Transformações

Alargamento de Barcelona feito por Cerdá

Vista aérea de bairro de Barcelona urbanizado por Ildefonso Cerdá Suñer (1815-1876). Fonte: Biblioteca Salvat de Grandes Temas.

Os estudos sobre a natureza e sociedade mudaram as concepções do mundo em volta e da maneira de viver dos agrupamentos humanos. Os conceitos variavam de acordo com o grau de entendimento obtido das pesquisas científicas e filosóficas. Ora a natureza era tida como algo perfeito e sublime a ser imitado e admirado, ora era vista como um universo imperfeito e ameaçador. A sociedade também teve suas diretrizes alteradas ao longo de sua história. Da participação irrestrita de poucos cidadãos livres nas decisões políticas para um maior número de eleitores interessados nos destinos da sociedade e com demandas crescentes de ampliação de seus direitos.
Uma cultura voraz consumidora dos recursos naturais disponíveis tomou abrangência global. Depois que os efeitos nocivos de sua indústria de transformação se tornaram nítidos, a preocupação com a sobrevivência no planeta passou ao centro das decisões políticas internacionais. Vários movimentos ecológicos surgiram no último século e os alertas de especialistas de diversos setores levaram à realização de inúmeros encontros internacionais voltados para avaliação das consequências dessas transformações. Mesmo correntes econômicas e políticas aversas à intervenção começam admitir a necessidade de se preparar para as mudanças climáticas acontecem com maior rapidez.

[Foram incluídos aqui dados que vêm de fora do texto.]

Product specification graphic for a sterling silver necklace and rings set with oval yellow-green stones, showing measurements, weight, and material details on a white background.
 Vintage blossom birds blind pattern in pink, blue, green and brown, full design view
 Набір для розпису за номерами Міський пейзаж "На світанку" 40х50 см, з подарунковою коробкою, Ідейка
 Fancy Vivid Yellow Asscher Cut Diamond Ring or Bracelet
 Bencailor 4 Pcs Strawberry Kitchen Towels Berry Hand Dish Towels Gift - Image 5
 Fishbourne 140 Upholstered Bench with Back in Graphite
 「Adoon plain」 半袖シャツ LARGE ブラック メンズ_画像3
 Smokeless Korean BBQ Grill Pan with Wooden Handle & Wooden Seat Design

Alguns especialistas reunidos em torno do conservador Consenso de Copenhagen, promovido pelo economista Bjorg Lomborg em 2004, consideraram os custos de implementação das metas de emissões do Protocolo de Quioto muito dispendiosos. Melhor seria, na visão desses críticos, criar um fundo de pesquisa dedicado ao desenvolvimento de tecnologias para redução dos danos causados pelos gases poluentes[1]. Nesse ínterim, outras propostas polêmicas são especuladas por personalidades mistificadoras, como o físico e místico Fritjof Capra, autor de uma interpretação esotérica da teoria quântica (lançada no livro O Tao da Física, 1975), que agora se volta para questões da “alfabetização ecológica”.

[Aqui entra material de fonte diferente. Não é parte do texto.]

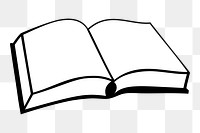 Open book png sticker, transparent background. Free public domain CC0 image.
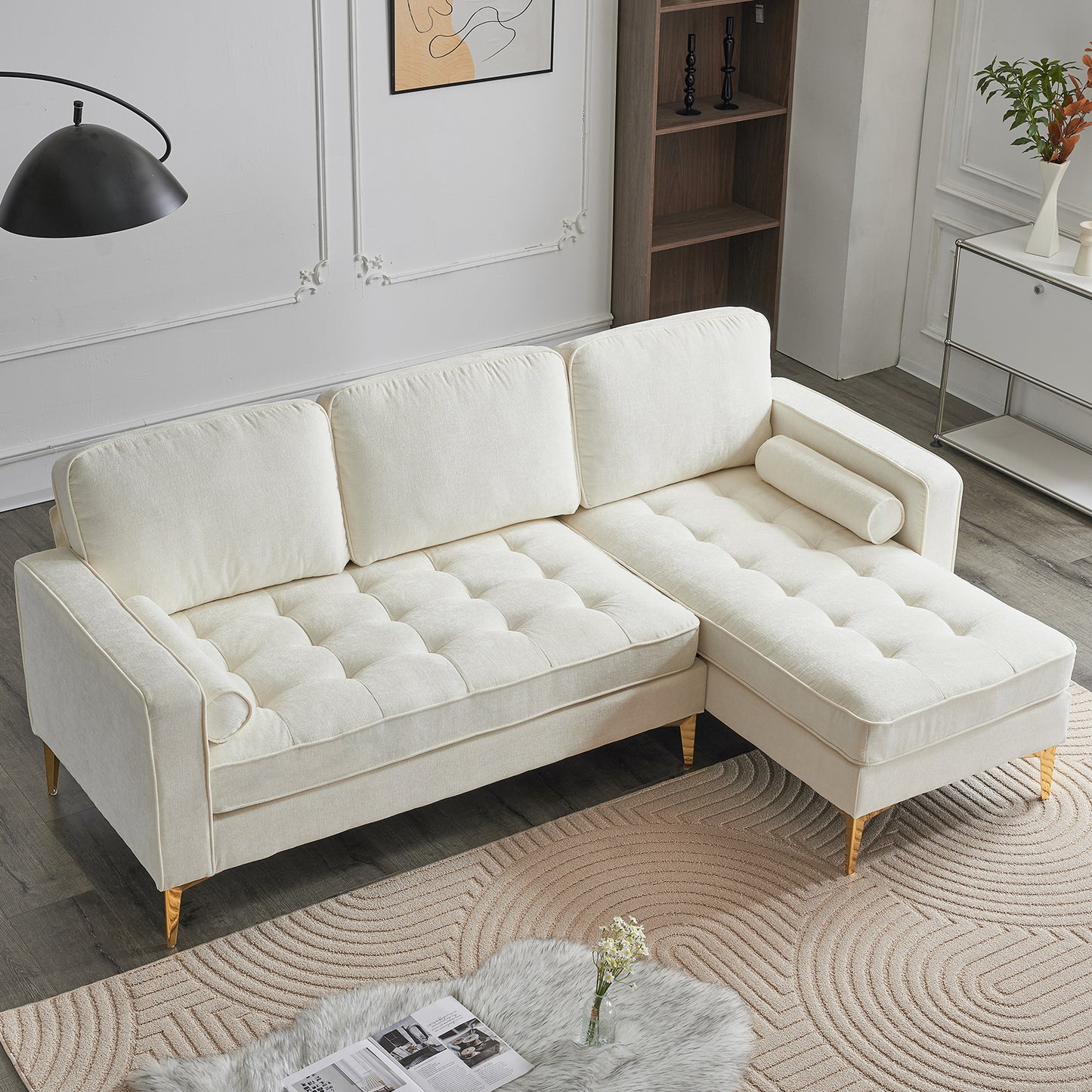 218*141*87cm 3-Seater With Footstool Chenille Rhombus Electroplated Golden Tripod Legs Indoor Modular Sofa Beige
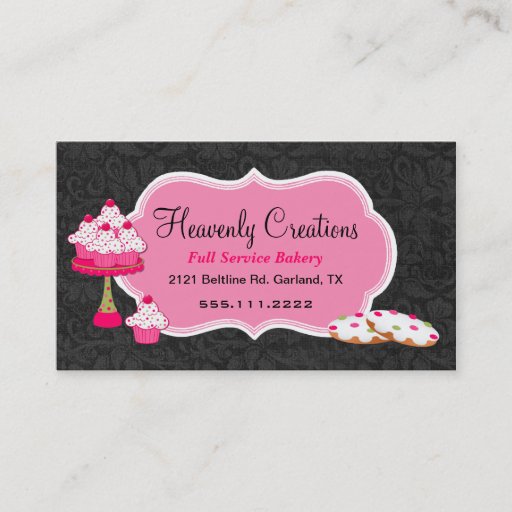 Customizable Black Damask and Pink Sweets Bakery Business Card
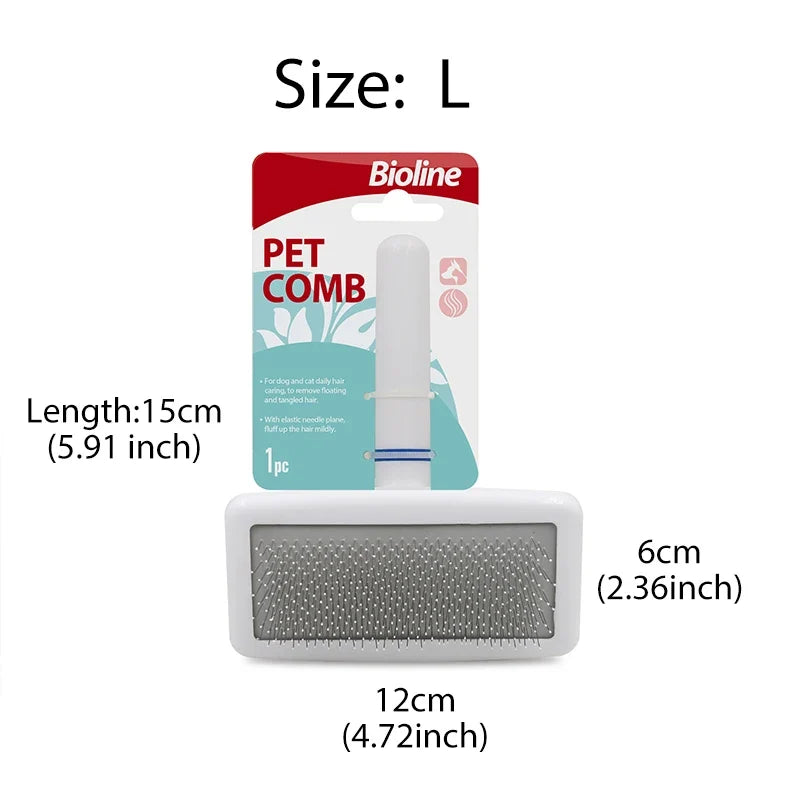 Bioline Self Cleaning Slicker Grooming Brush Dog & Cat Bunny Pet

Capra defende uma compreensão sistêmica e unificada da vida que integre as dimensões biológica, cognitiva e social, em todos os seus níveis, como uma teia interligada por redes complexas. para ser sustentável esse complexo deveria seguir cinco características básicas: interdependência, reciclagem, parceira, flexibilidade e diversidade. Esses seriam os cinco princípios ecológicos que levariam à sustentabilidade. Assim, “a sobrevivência da humanidade dependerá de nossa alfabetização ecológica, da nossa capacidade para entender esses princípios da ecologia e viver em conformidade com eles”[2].

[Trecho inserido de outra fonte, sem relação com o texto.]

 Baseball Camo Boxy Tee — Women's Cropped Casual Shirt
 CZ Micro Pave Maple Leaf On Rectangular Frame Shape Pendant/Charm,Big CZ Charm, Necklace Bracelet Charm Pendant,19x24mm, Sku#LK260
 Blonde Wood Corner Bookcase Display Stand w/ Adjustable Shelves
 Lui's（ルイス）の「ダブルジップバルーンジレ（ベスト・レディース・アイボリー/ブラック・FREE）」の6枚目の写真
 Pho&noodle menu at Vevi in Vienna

A “alfabetização ecológica” sugere que seria possível extrair algum princípio de ação válido da mera integração da sociedade humana com as redes complexas que sustentam a vida no planeta. Esse argumento é obviamente falacioso pois do fato da natureza ser um sistema dinâmico que age de tal maneira, não significa que se deva agir da mesma forma. Não há nenhum valor intrínseco na natureza por ela mesma. Todo valor moral da exigência de se preservar as condições de vida no planeta reside no fato dele interessar a pessoas que dependem dela para poder existir. Sem a presença de um agente moral que lhe atribua um valor específico, nada mais possui valor por si mesmo.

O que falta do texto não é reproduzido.